This assignment must be turned in by the start of class on Thursday, January 28. You must follow the instructions for submitting an assignment.

Data Analysis

You will work with two datasets:

Your first task is to merge the polity2 variable (for the year 2010) from the Polity IV data into the WDI data. polity2 is the difference between the Democracy and Autocracy scores, ranging from -10 to 10. You will find the countrycode package useful here. Make sure to drop all countries with a population below 500,000 before merging, since these countries are not covered by the Polity project.

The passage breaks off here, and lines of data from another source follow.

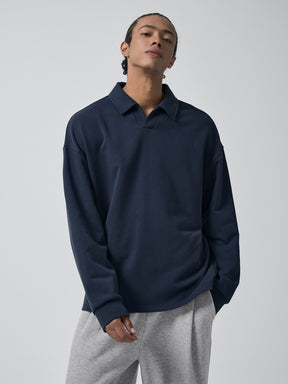 オープンカラー スウェットシャツ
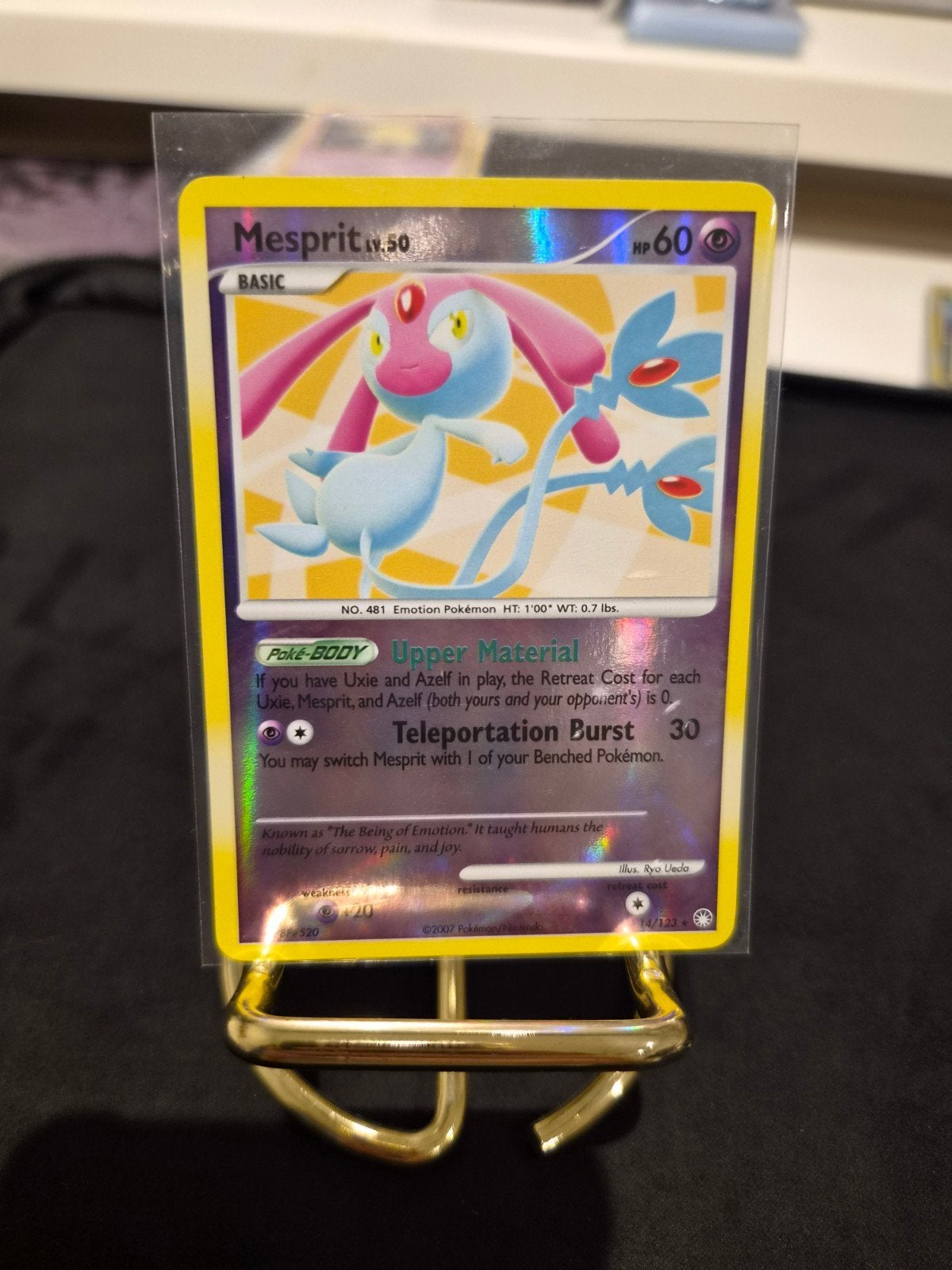 Pokemon Mesprit 14/123 Rev Holo - Mysterious Treasures, Hobby en Vrije tijd, Ophalen, Zo goed als nieuw, Losse kaart, Foil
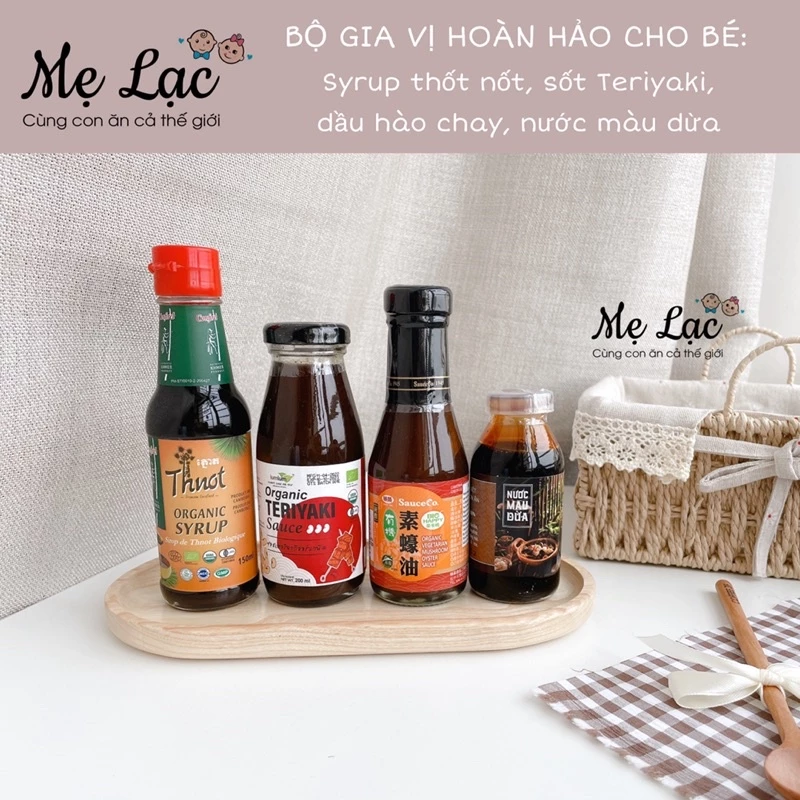 Bộ 3 hoàn hảo syrup thốt nốt, sốt teriyaki, dầu hào, gia vị ướp đồ ăn dặm cho bé từ 12 tháng tuổi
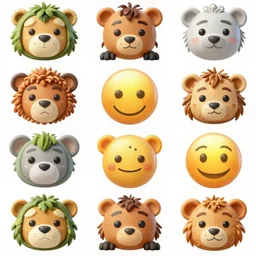 funny jungle animals emoji collection, ArtStation, sharp focus, 4k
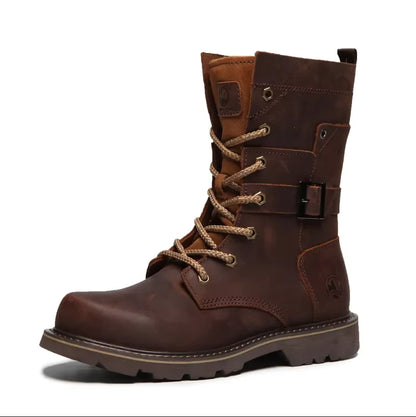 KOWM Cowhide Outdoor Men Hiking Shoes Waterproof Tactical Desert shoes Hunting Boots Snow Boots Fur Sneaker Women Trekking Shoes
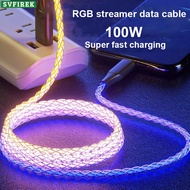 SVFIREK 100W Super Fast Charging Cable 6A RGB Illusion Streamer USB Cable Gradient Colorful Streamer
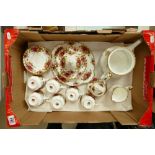 Royal Albert Old Country Rose tea set: 22 piece (nip noted to tip of spout)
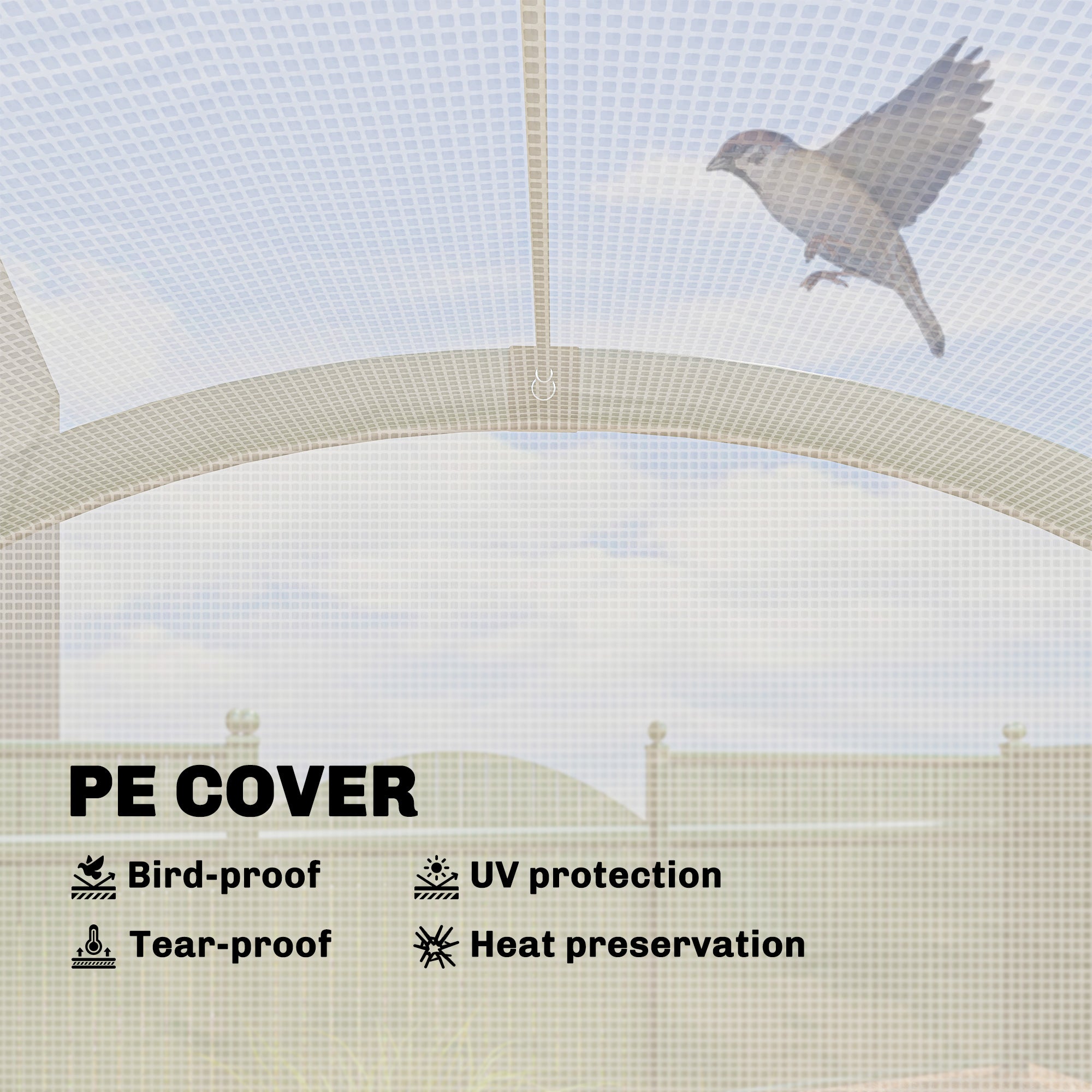 Arched-Top Greenhouse, Foldable PE Tunnel Greenhouse, Winter-Resistant Walk-In Greenhouse for Balcony & Garden, 200 x 80 x 164 cm – for Tomatoes, Vegetables, Flowers, Plants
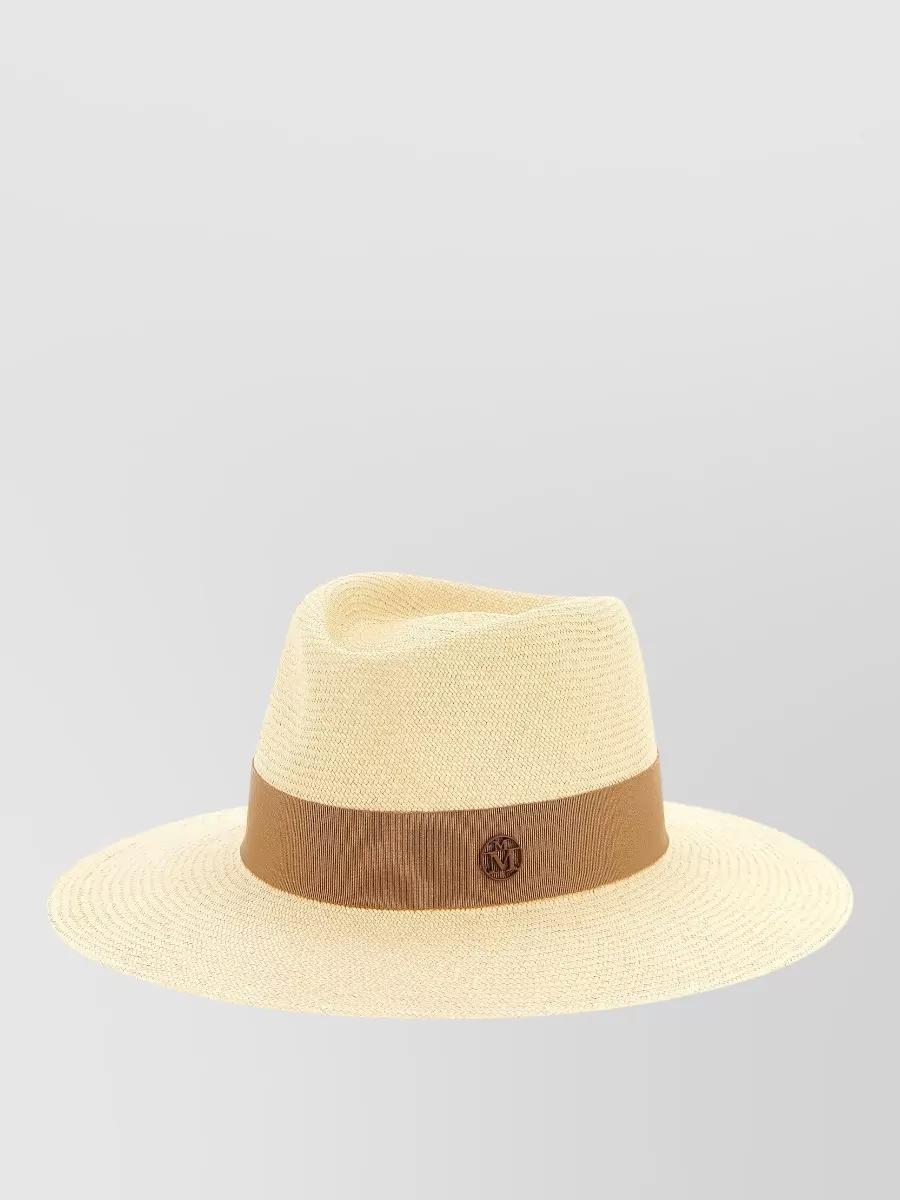 Maison Michel Charles Hat Structured Crown Wide Brim Band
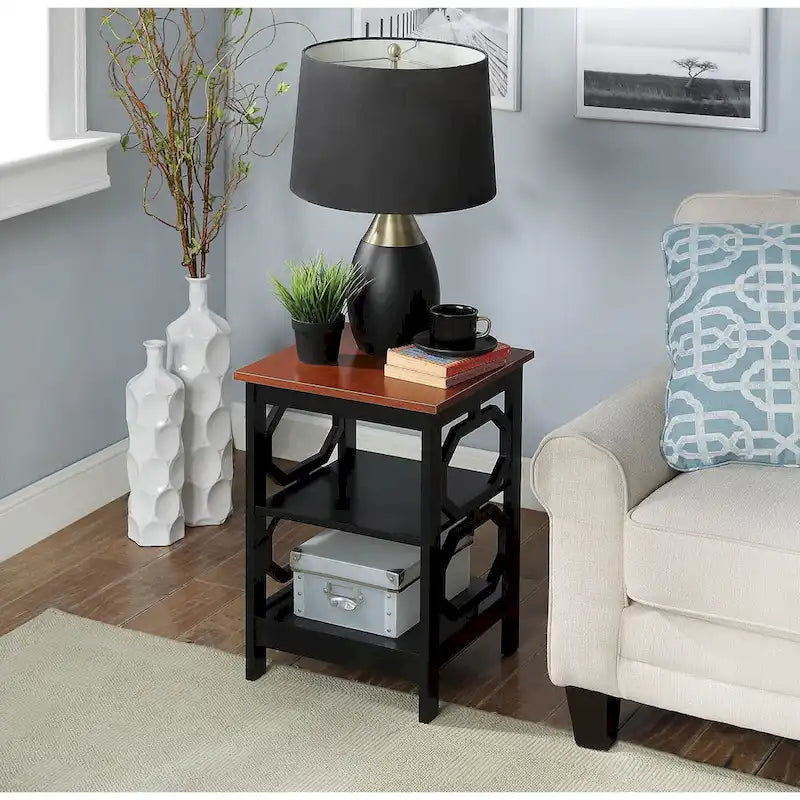 3-Tier End Table with Octagon Side Cutouts and Shelves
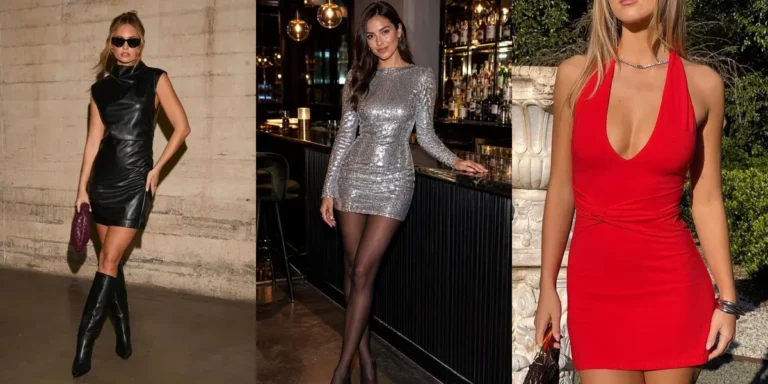 Three clubbing outfit ideas — a leather mini dress with knee-high boots, a sparkly sequin mini dress, and a ravishing red halter dress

Next, use the merged data to perform the following tasks:

  1. Regress infant mortality on Polity score. Substantively interpret your findings.

  2. Regress infant mortality on both Polity score and GDP per capita. Interpret your findings. How does including GDP per capita in the model change your conclusions about the relationship between regime type and infant mortality? What do you think accounts for the difference?

  3. Now flip it over: regress Polity score on infant mortality. Interpret your findings. You will notice that, even accounting for the fact that we’ve flipped the axes, the regression line is not the same as in the first part. Why not?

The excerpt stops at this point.